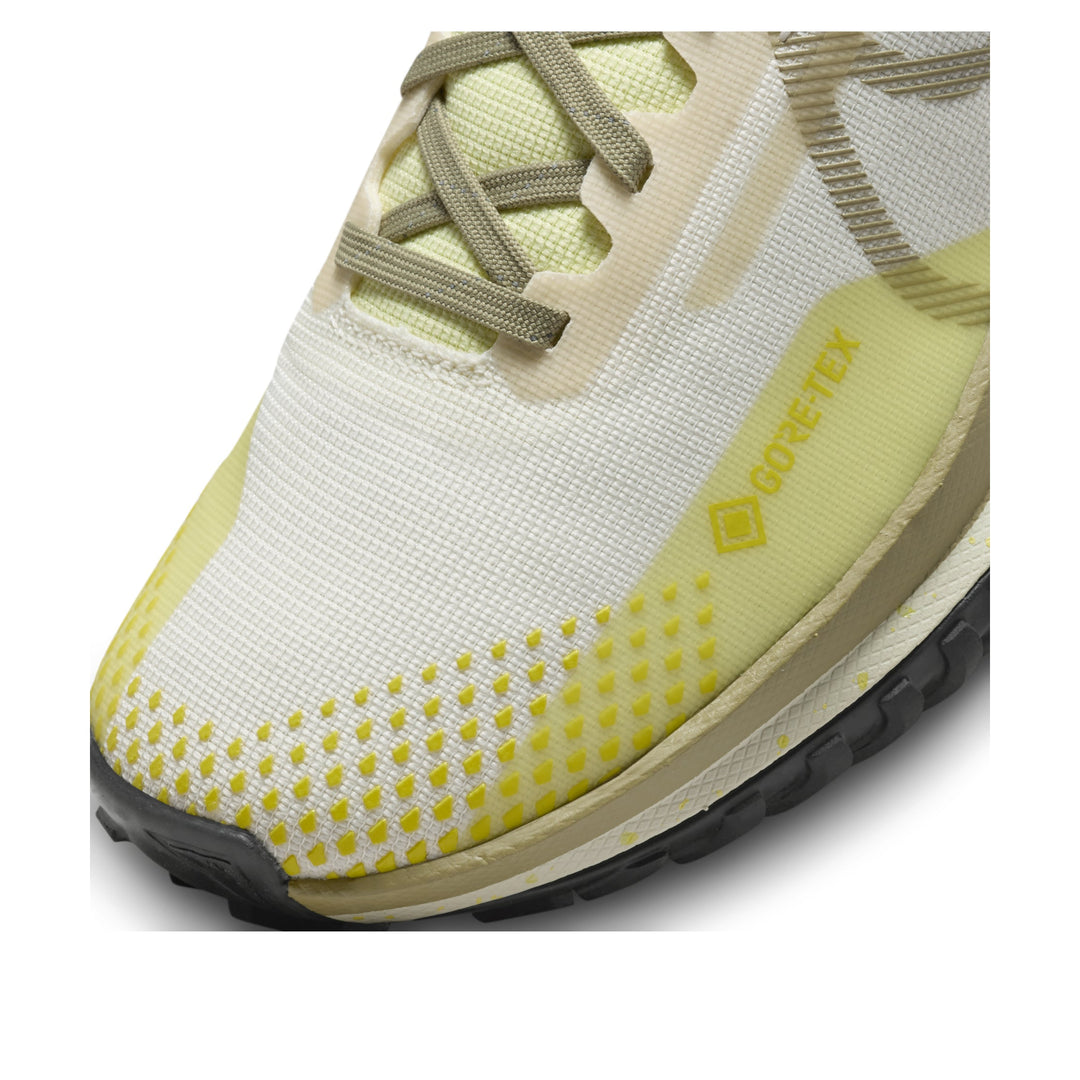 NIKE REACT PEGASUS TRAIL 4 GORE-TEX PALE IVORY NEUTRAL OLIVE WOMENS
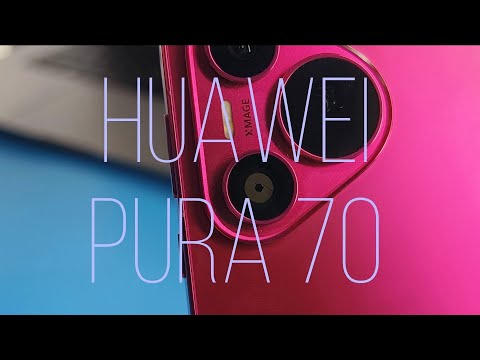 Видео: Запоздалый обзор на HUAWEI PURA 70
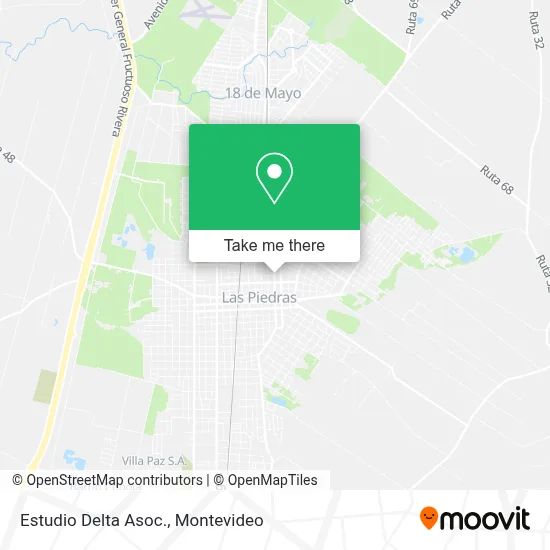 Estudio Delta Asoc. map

◆ Work instruction: Output the full material exactly as given, without its pictures.

◆ Answer for this exercise:
 NIKE REACT PEGASUS TRAIL 4 GORE-TEX PALE IVORY NEUTRAL OLIVE WOMENS
 Видео: Запоздалый обзор на HUAWEI PURA 70
 Estudio Delta Asoc. map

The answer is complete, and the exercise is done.